Activity:
Please reproduce the entries below exactly as they stand, but leave the pictures out.

Extracted data:

┄┄┄┄┄┄

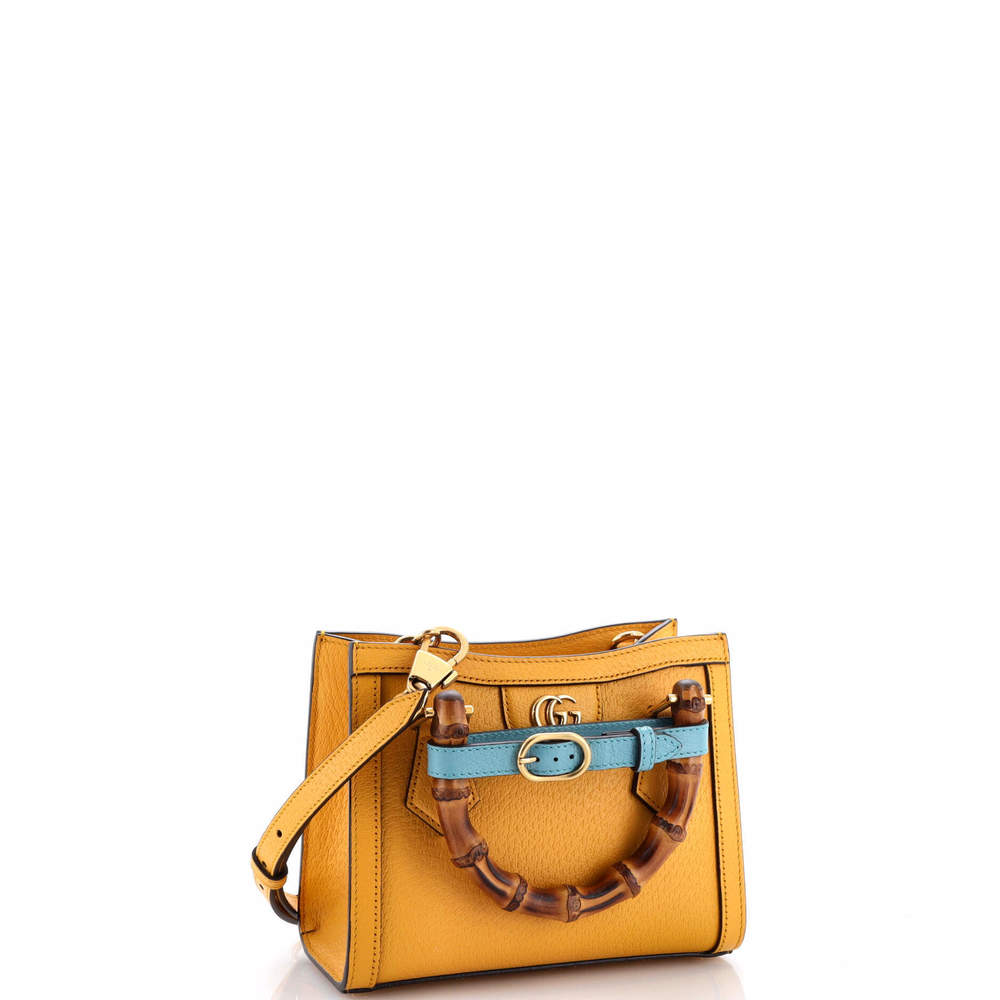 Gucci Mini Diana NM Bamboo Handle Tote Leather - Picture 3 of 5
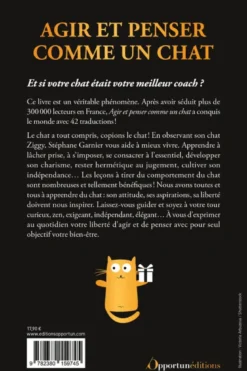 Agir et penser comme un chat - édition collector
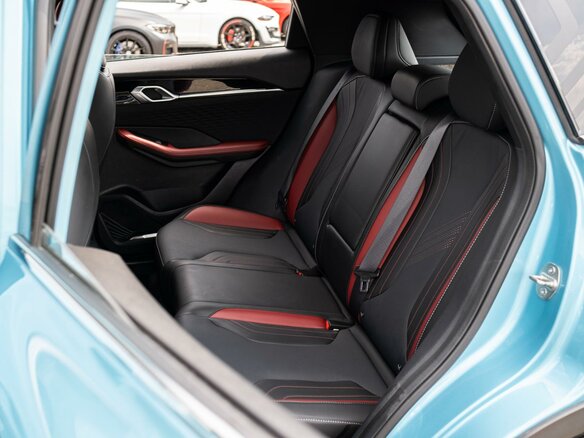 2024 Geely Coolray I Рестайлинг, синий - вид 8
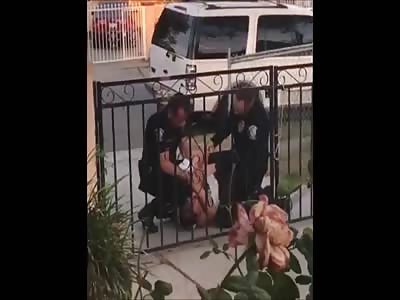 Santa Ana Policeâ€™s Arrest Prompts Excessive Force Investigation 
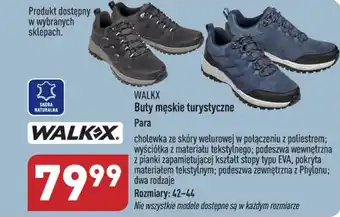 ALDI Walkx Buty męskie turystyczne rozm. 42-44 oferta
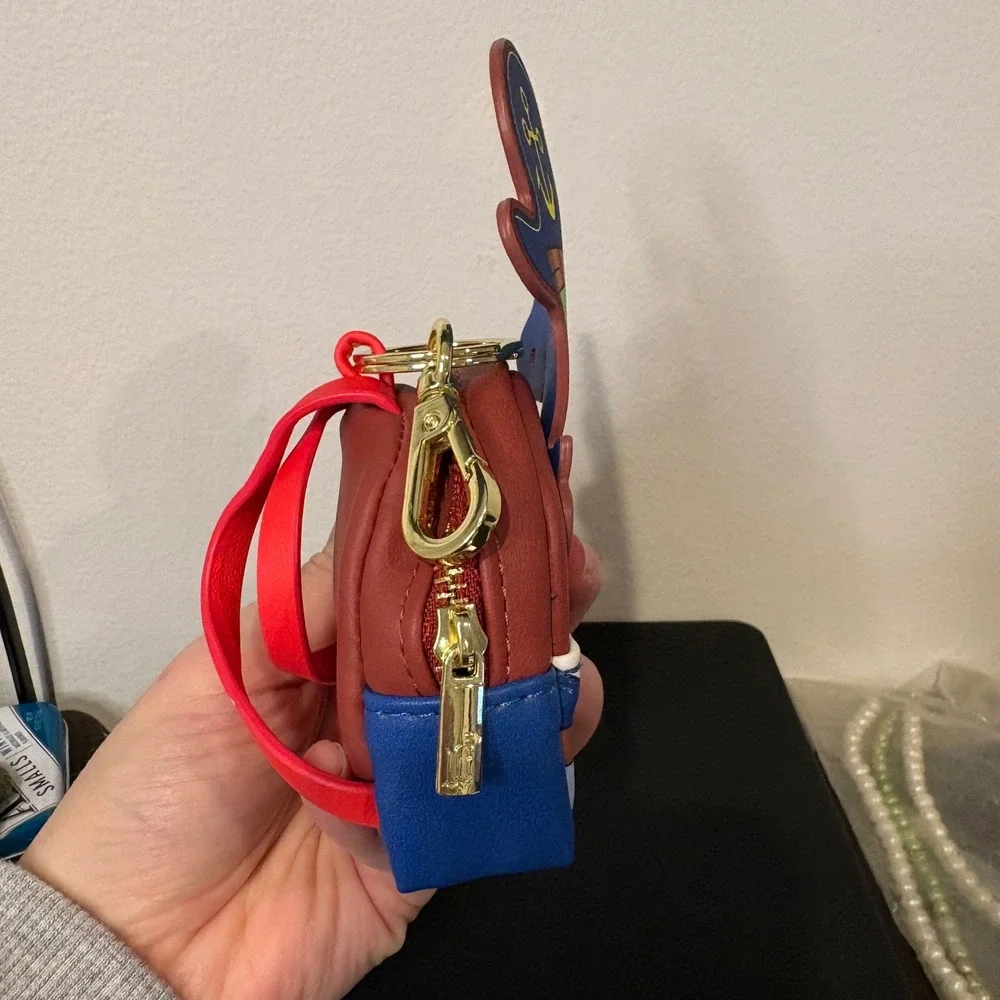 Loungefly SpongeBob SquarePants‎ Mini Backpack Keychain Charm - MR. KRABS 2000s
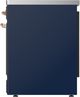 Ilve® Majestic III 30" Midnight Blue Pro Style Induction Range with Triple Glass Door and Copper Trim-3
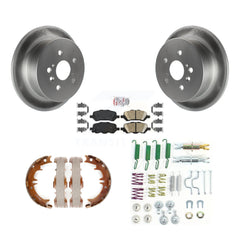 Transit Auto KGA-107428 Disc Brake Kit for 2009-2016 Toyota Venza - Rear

┄┄┄┄┄┄

Output:
 Gucci Mini Diana NM Bamboo Handle Tote Leather - Picture 3 of 5
 Agir et penser comme un chat - édition collector
 2024 Geely Coolray I Рестайлинг, синий - вид 8
 Santa Ana Policeâ€™s Arrest Prompts Excessive Force Investigation 
 ALDI Walkx Buty męskie turystyczne rozm. 42-44 oferta
 Loungefly SpongeBob SquarePants‎ Mini Backpack Keychain Charm - MR. KRABS 2000s
 Ilve® Majestic III 30" Midnight Blue Pro Style Induction Range with Triple Glass Door and Copper Trim-3
 Transit Auto KGA-107428 Disc Brake Kit for 2009-2016 Toyota Venza - Rear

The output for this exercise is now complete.